Targeting English speakers on social media
A report published in January by the Ukraine-based Mythos Labs found that Twitter activity related to Ukraine and Russia intensified considerably in December and early January compared to November 2021.
The study detects an increase in the number of Ukraine-related tweets containing what it calls “pro-Russian disinformation and propaganda” by 375 percent compared to November, and by 3,270 percent compared to September. Using an AI-based software, it also found a spike in the number of accounts spreading such information – 697 between the start of December and the start of January compared to 58 in November.
The report casts its net wide when it comes to the identification of those accounts, which include well-known western journalists with a critical stance on NATO and western military intervention – such as Australian documentarist John Pilger and American investigative journalist Glenn Greenwald.
An increase in activity is hardly surprising given that Ukraine, where a war has been ongoing since 2014, has been making headlines in recent weeks. The conflict between Russia-backed separatists and the Ukrainian government in the eastern region of the country known as Donbass has killed an estimated 14,000 people since it began, cutting off entire villages from basic services and dividing families. But it fell largely off the media radar since the 2015 Minsk agreements, despite repeated ceasefire violations.

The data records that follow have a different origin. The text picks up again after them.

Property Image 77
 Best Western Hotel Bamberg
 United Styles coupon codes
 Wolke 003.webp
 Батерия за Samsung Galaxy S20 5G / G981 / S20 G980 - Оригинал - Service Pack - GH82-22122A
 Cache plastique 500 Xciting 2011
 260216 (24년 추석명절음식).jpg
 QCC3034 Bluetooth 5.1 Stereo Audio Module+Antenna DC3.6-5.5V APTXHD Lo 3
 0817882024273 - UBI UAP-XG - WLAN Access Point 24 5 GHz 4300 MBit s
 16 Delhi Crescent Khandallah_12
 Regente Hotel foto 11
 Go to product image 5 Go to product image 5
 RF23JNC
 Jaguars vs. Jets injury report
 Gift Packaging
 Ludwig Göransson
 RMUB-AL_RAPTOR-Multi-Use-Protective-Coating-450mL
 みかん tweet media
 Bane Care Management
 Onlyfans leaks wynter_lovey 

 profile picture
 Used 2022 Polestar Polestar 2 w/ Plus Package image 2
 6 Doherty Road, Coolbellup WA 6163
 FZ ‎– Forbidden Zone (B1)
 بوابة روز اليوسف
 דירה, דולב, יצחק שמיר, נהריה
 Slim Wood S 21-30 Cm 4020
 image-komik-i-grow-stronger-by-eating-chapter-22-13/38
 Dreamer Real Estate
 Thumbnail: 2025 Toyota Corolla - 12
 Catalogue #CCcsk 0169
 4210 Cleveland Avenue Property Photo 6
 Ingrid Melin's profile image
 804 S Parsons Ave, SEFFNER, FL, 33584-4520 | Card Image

The report finds that increasingly, the messaging is directed to an English-speaking audience, with the number of English-language tweets posted shooting up over the months analysed – from 34 percent of the tweets related to Ukraine and Russia in November to nearly 60 percent in December. It found evidence that many were automatically reposted.
The analysis argues the Kremlin’s strategy has shifted “from amplifying inauthentic accounts to amplifying legitimate actors who voice pro-Kremlin talking points.” John Pilger’s tweets, for instance, were re-tweeted by 87 accounts identified as spreading pro-Russian disinformation and propaganda, while tweets by US congressman Matt Gaetz opposed to US intervention were retweeted by 12 such accounts – blurring the lines and making it look “less obviously disinformation.”
“Cold War” information tactics
“What we've seen is that it's not necessarily that Russia tries to present some fake information, although we have also seen evidence of that,” said Larissa Doroshenko, who studied Russian tactics at the time of the invasion of Crimea in 2014 and during the 2016 US Presidential elections, when thousands of Democratic Party emails were leaked, severely damaging Hillary Clinton’s campaign.
Rather, she argues, it is “engaging in this decades-old tactic of reflexive control, which was used during the Cold War. This is a tactic that presents information to the adversary in a way that leads this adversary to make a wrong decision.”
The idea behind it is, in other words, making your opponent voluntarily take decisions that actually favour their enemy’s strategy by studying their decision-making processes.
“But another [side] of this technique is to create distraction or dismay to exacerbate the situation,” she argues. “We’ve seen it in Ukraine in 2014, we’ve seen it in the US in 2016, and we also observe it now.”